В хорошие, ясные дни, когда солнце уже склонялось к закату и становилось прохладнее, мы нередко упражнялись в стрельбе из винтовок. В это путешествие я особенно серьезно смотрел на вопрос поднятия боеспособности экспедиционного отряда и добивался от своих молодцов-спутников безупречного попадания в цель, так как имелись весьма основательные причины опасаться нападения туземцев. Пользуясь неудачами, постигавшими русские войска во время японской войны, китайцы массами похищали и увозили к себе русские военные ружья, снабжая ими горные дикие племена, населявшие Нань-шань, а главным образом Амдоское нагорье. Воинственные обитатели гор и высоких степей в глубине Азии представляли теперь более грозную силу и при своих разбойничьих нападениях на экспедицию могли оказать значительное сопротивление горсточке русских исследователей, заброшенных вглубь азиатского материка. С этим грустным явлением необходимо было считаться. Кроме винтовок, я заодно упражнялся также в стрельбе из штуцера Ланкастера, некогда принадлежавшего Н. М. Пржевальскому, и получал прекрасные результаты. Наша стрельба привлекла любопытство местной публики, состоящей из монголов и китайцев, и часто вызывала с их стороны громкое восхищение по поводу отличных попаданий в цель.

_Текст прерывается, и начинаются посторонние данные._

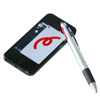 ̔I iPhonep ^b`yt3F{[y ...
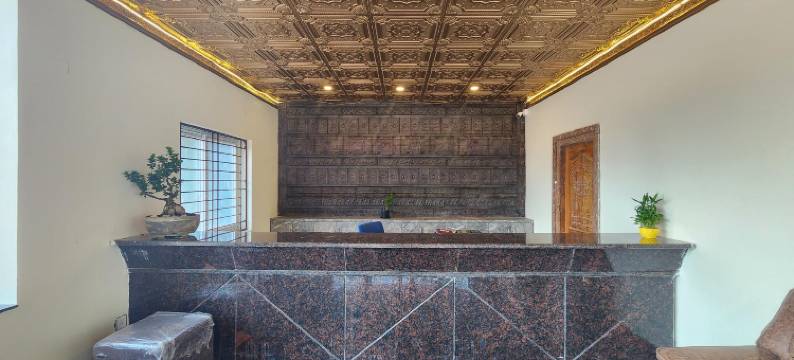 莱卡度假村(The Lyca Resorts)图片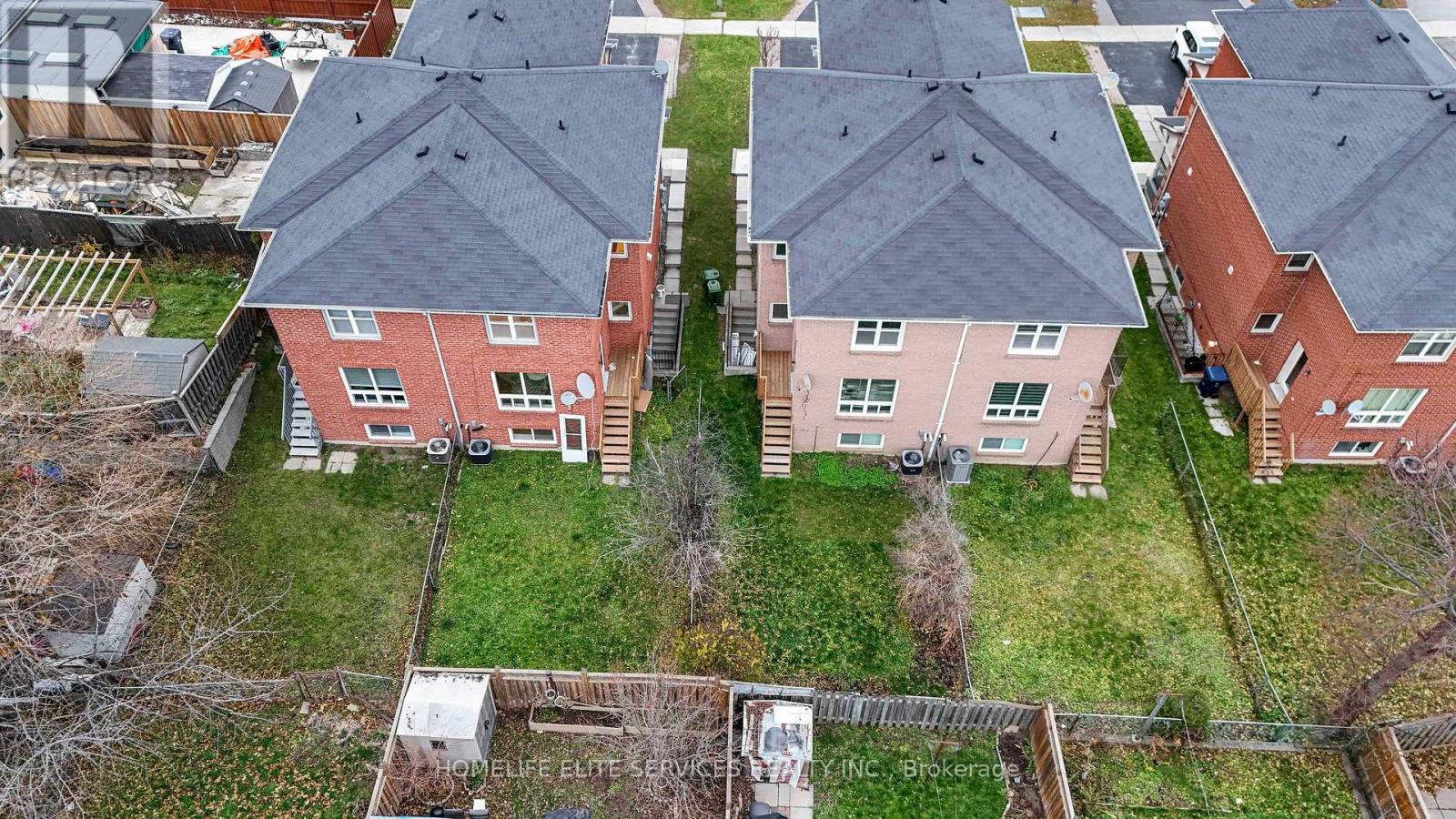 5 Lenthall Avenue, Toronto, Ontario  M1B 2C7 - Photo 4 - E12622474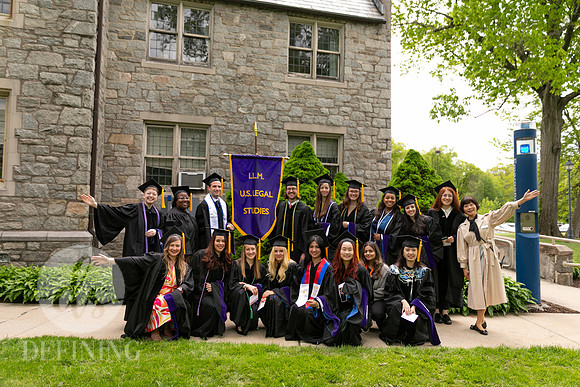 2024Law_Commencement_148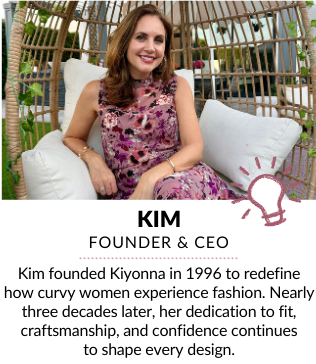 Kim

По уходе моих спутников я обыкновенно еще долго оставался на вершине холма, господствовавшего над Дын-юань-ином. Теперь было самое лучшее время – солнце скрывалось за горизонт, небо наряжалось в блестящие тона и чувствовалась еще большая прохлада воздуха. Отсюда пустыня была видна на далекое расстояние, словно в морском просторе, тогда как ближайший ее край кругом обступал оазис. Со стороны города не долетало ни одного живого звука, не показывалось ни одного живого силуэта: селяне возвратились с полей и скрылись за свои непроницаемые стены.